Task objective:
In the material below, find all lines with the string "page" and copy them.

Dataset content:
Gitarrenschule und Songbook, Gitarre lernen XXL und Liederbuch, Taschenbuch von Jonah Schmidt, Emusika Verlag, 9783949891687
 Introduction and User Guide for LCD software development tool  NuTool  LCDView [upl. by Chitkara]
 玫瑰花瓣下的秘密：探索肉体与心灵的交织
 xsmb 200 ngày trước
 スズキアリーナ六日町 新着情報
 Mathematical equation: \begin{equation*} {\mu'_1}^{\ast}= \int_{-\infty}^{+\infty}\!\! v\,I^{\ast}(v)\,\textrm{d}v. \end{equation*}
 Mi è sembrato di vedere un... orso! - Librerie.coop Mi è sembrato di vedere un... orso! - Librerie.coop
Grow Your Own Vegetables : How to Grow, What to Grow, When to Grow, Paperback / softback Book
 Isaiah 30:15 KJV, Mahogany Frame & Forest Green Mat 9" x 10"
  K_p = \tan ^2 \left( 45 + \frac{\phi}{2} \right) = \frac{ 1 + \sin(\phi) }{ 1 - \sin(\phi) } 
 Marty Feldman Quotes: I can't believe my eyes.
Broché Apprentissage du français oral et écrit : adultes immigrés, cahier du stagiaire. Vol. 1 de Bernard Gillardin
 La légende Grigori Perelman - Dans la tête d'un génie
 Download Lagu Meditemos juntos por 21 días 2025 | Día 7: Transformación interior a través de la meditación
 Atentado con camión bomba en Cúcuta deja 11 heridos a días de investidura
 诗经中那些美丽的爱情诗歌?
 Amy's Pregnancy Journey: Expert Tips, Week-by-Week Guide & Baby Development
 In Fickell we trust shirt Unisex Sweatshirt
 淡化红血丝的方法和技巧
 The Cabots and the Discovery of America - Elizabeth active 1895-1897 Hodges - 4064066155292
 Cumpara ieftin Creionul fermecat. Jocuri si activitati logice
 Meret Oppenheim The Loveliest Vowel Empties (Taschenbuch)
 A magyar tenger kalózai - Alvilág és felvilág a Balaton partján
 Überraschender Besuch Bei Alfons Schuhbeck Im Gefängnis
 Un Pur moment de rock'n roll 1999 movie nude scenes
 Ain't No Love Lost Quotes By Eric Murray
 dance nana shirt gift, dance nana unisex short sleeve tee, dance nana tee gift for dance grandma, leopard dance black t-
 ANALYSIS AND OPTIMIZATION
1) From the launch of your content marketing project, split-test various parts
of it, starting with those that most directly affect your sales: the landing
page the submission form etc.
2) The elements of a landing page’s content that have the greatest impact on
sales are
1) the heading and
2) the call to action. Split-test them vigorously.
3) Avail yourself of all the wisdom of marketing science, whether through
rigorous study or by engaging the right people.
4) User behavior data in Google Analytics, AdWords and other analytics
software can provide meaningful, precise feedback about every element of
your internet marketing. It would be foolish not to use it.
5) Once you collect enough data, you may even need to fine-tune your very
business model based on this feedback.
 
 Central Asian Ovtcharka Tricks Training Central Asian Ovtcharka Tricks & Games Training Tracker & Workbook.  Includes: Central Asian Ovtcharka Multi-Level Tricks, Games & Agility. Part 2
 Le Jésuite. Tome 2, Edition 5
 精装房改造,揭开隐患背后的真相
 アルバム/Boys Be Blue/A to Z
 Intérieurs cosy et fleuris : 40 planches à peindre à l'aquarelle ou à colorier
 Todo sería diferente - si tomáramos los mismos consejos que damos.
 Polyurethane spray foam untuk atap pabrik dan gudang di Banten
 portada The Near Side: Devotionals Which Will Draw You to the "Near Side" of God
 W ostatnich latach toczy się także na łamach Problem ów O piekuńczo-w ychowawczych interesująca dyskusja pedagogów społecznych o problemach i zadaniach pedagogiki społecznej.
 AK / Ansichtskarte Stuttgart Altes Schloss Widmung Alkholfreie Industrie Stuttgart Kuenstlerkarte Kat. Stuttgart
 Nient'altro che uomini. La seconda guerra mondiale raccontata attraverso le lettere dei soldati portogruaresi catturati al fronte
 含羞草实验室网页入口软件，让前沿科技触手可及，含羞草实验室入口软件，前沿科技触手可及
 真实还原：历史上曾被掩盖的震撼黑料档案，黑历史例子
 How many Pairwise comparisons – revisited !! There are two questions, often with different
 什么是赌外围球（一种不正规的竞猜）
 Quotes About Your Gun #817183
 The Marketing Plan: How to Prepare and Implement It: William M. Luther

Output for this task:
page the submission form etc.
2) The elements of a landing page’s content that have the greatest impact on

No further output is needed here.